Dutch spies caught Russian hackers on tape
Reports say hackers penetrated the computers used by the group and watched them for at least a year, managing to catch the hackers on camera.
The Netherlands' spy service broke into the computers used by a powerful Russian hacking group and may be sitting on evidence relating to the breach of the US. Democratic National Committee, a Dutch newspaper and television show jointly reported on January 26.
Reports carried in the respected daily Volkskrant and by the current affairs show Nieuwsuur said hackers working for the Dutch General Intelligence and Security Service penetrated the computers used by the group, often nicknamed Cozy Bear, in mid-2014 and watched them for at least a year, even managing to catch the hackers on camera.
Dutch Interior Minister Kajsa Ollongren, interviewed by reporters in The Hague before the government's weekly Cabinet meeting, declined to address the report, saying only that she was "very happy that we have good security services in the Netherlands that do their work well." President Vladimir Putin's spokesman, Dmitry Peskov, said he had yet to see any official comment from the Dutch intelligence services on the matter.
"If the Dutch media want to fuel anti-Russian hysteria in the US, it's an activity that can't be called honorable," he added.
Volkskrant and Nieuwsuur said that the Dutch spies used their access to help oust Cozy Bear from US State Department computers in late 2014. Volkskrant said American spies were so grateful they sent the Dutch cake and flowers. Ko Colijn, a researcher at Clingendael, the Netherlands Institute of International Relations, said the report may indicate a leveling trend in which small but tech-savvy countries like the Netherlands "can compensate their military inferiority with cyber quality surpluses."
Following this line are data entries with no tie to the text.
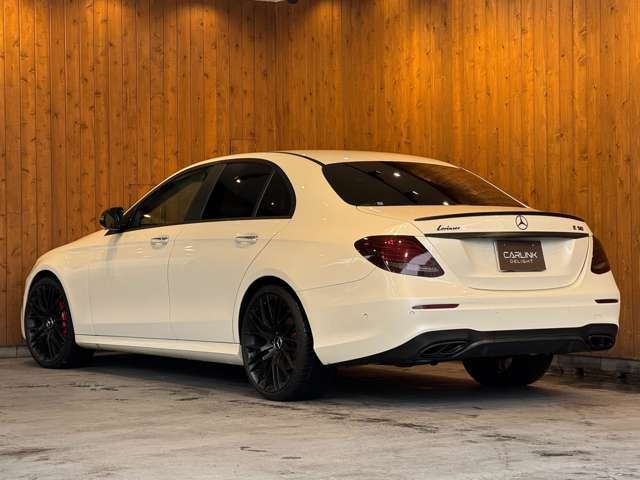 Eクラス E250 アバンギャルド スポーツ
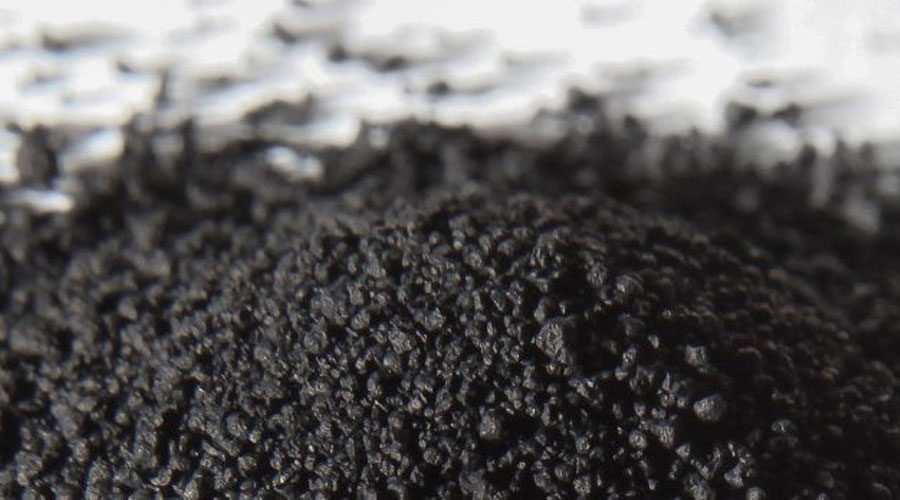 Carbon Black Market Is Estimated To Witness High Growth Owing To Growing Demand for Sustainable and Lightweight Materials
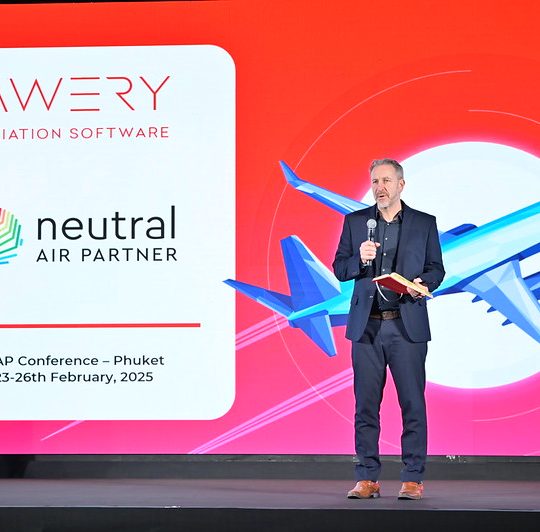 https://openap.neutralairpartner.com/wp-content/uploads/2025/03/awery-540x532.jpg
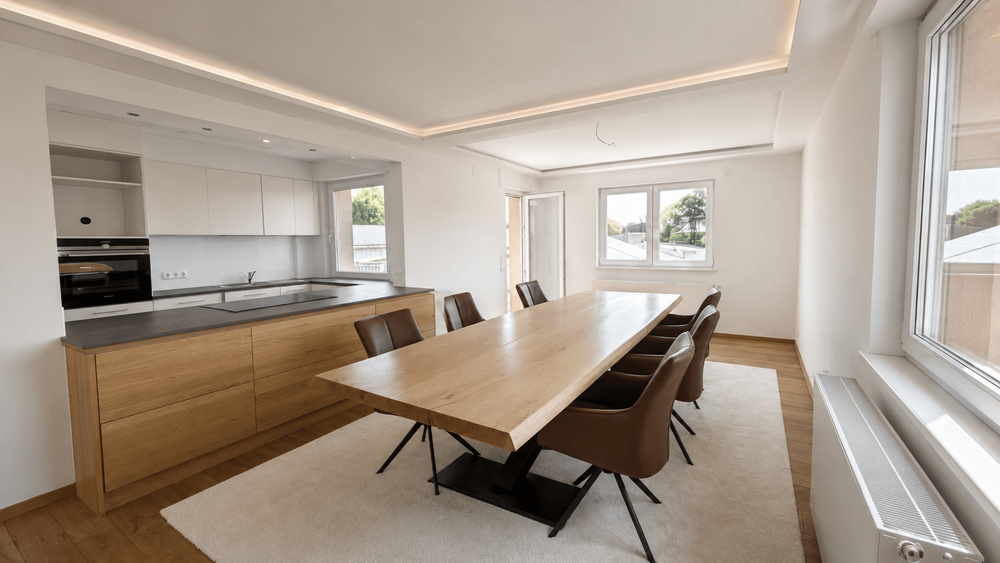 Einfamilienhaus Speyer - 8 Zimmer, 265 m&sup2;, 780.000&euro; | Angebot:27280595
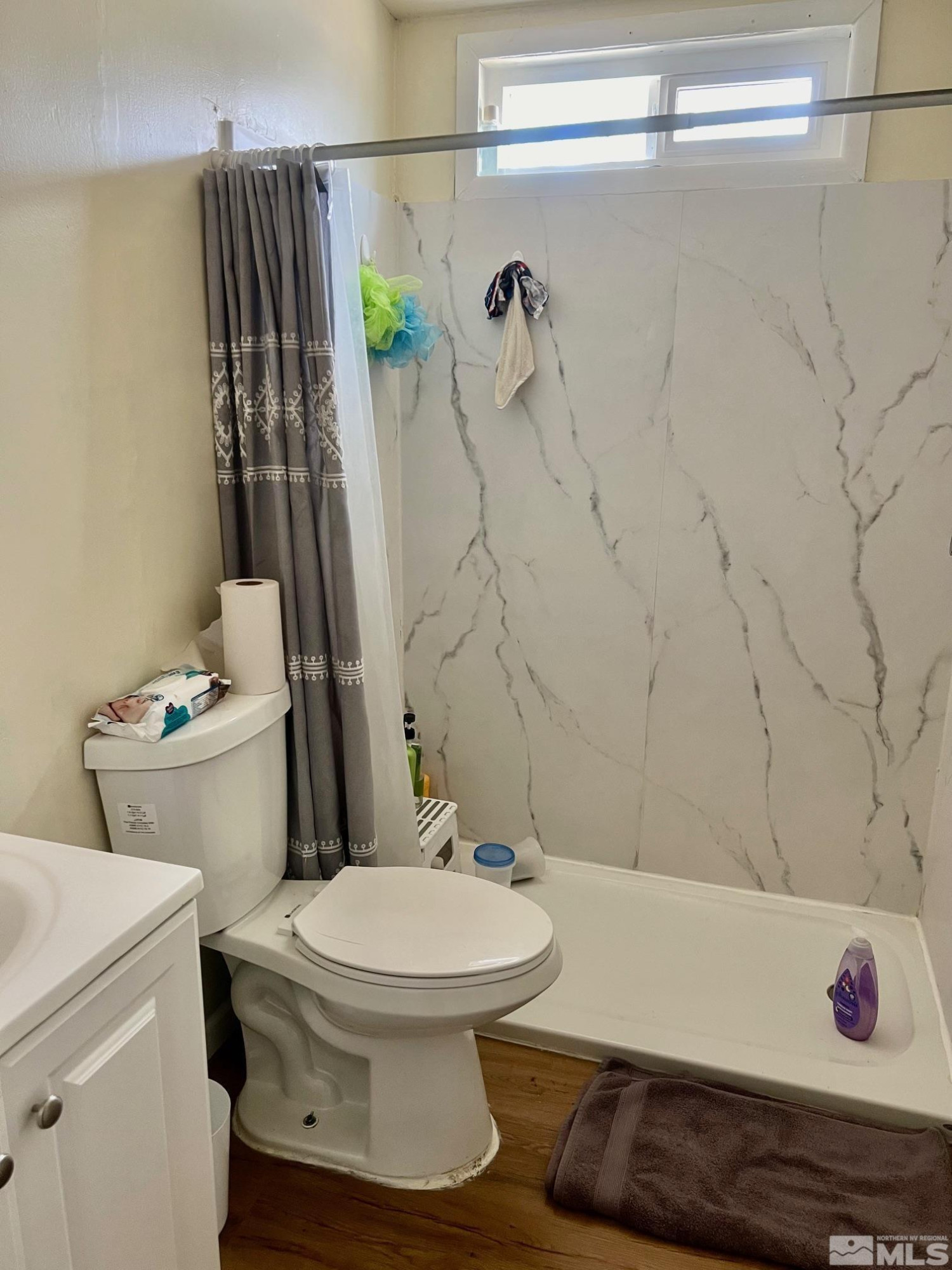 748 Kit Court Reno, NV 89506 - Photo 12 of 16 Photo 12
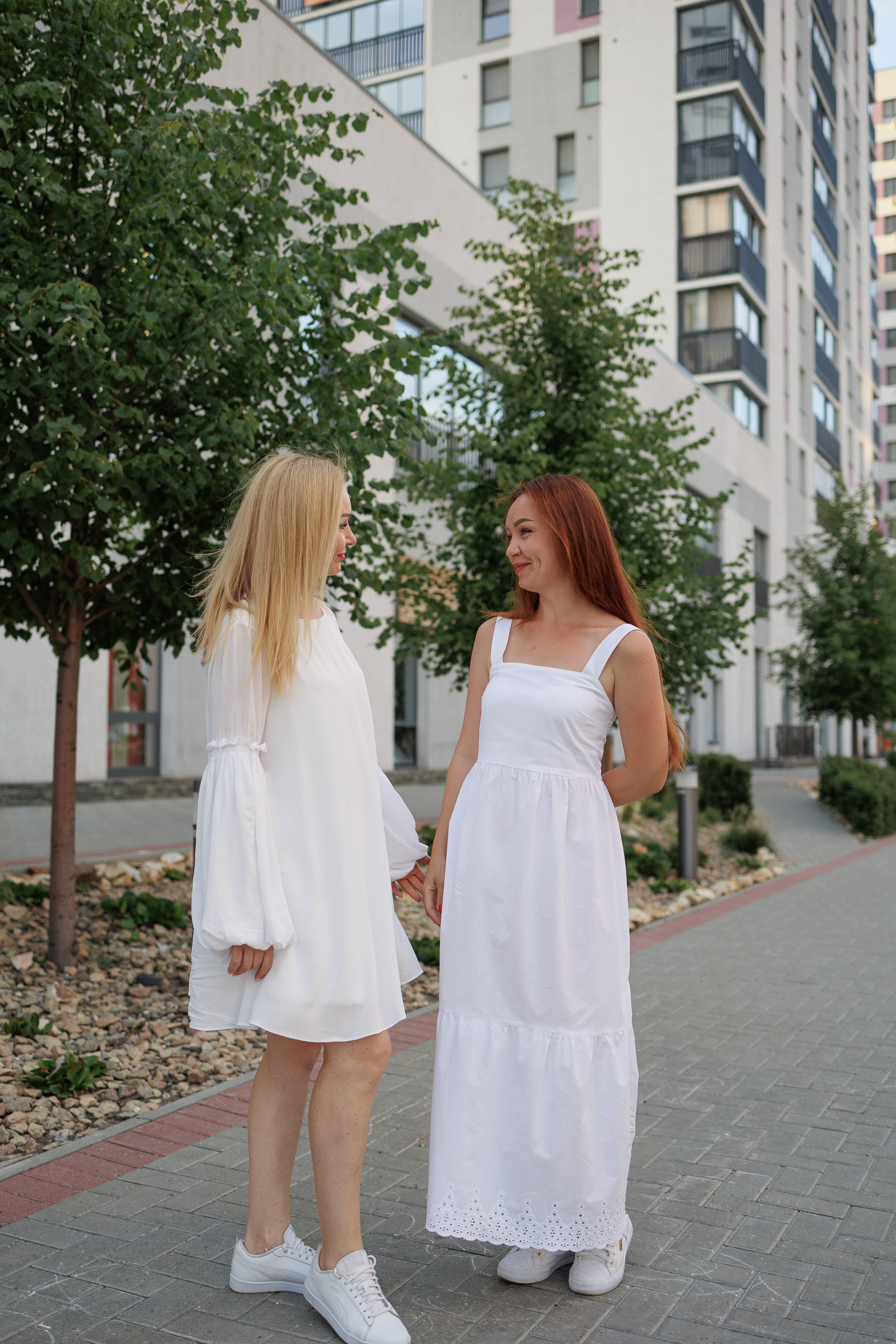 Отзывы о фотографе в Тюмени — Николай Дубровин | Мнение клиентов. Фотограф в Тюмени — Профессиональные фотосессии для бизнеса или семьи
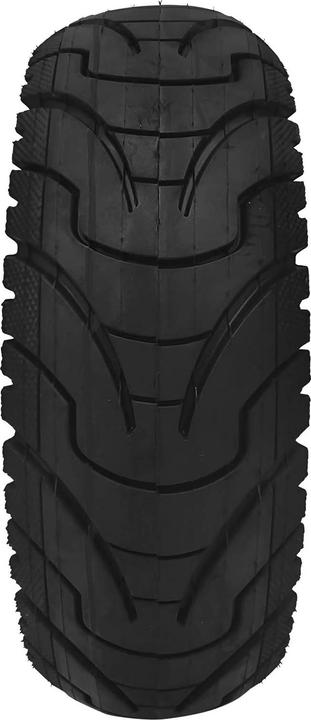 Produktbild Avizar 8.5 Zoll Tubeless-Strassenreifen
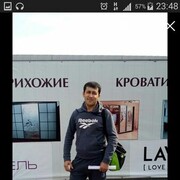  -,   , 39 ,   ,   , c ,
The news drew particular attention in Washington, where Cozy Bear has been identified as one of two Russian government-linked hacking groups that broke in to the DNC ahead of the 2016 presidential election. The other group is usually called Fancy Bear.
Unmasking the Cozy Bear hackers would provide key evidence for investigators trying to unravel the DNC breach, but it may not dispel the mystery surrounding the leaks that followed. A recent AP investigation found that all but one of the two dozen or so officials whose emails were published in the run-up to the 2016 election were targeted by Fancy Bear, which cybersecurity firm CrowdStrike said operated independently from Cozy Bear. The Kremlin has denied meddling in the US presidential vote.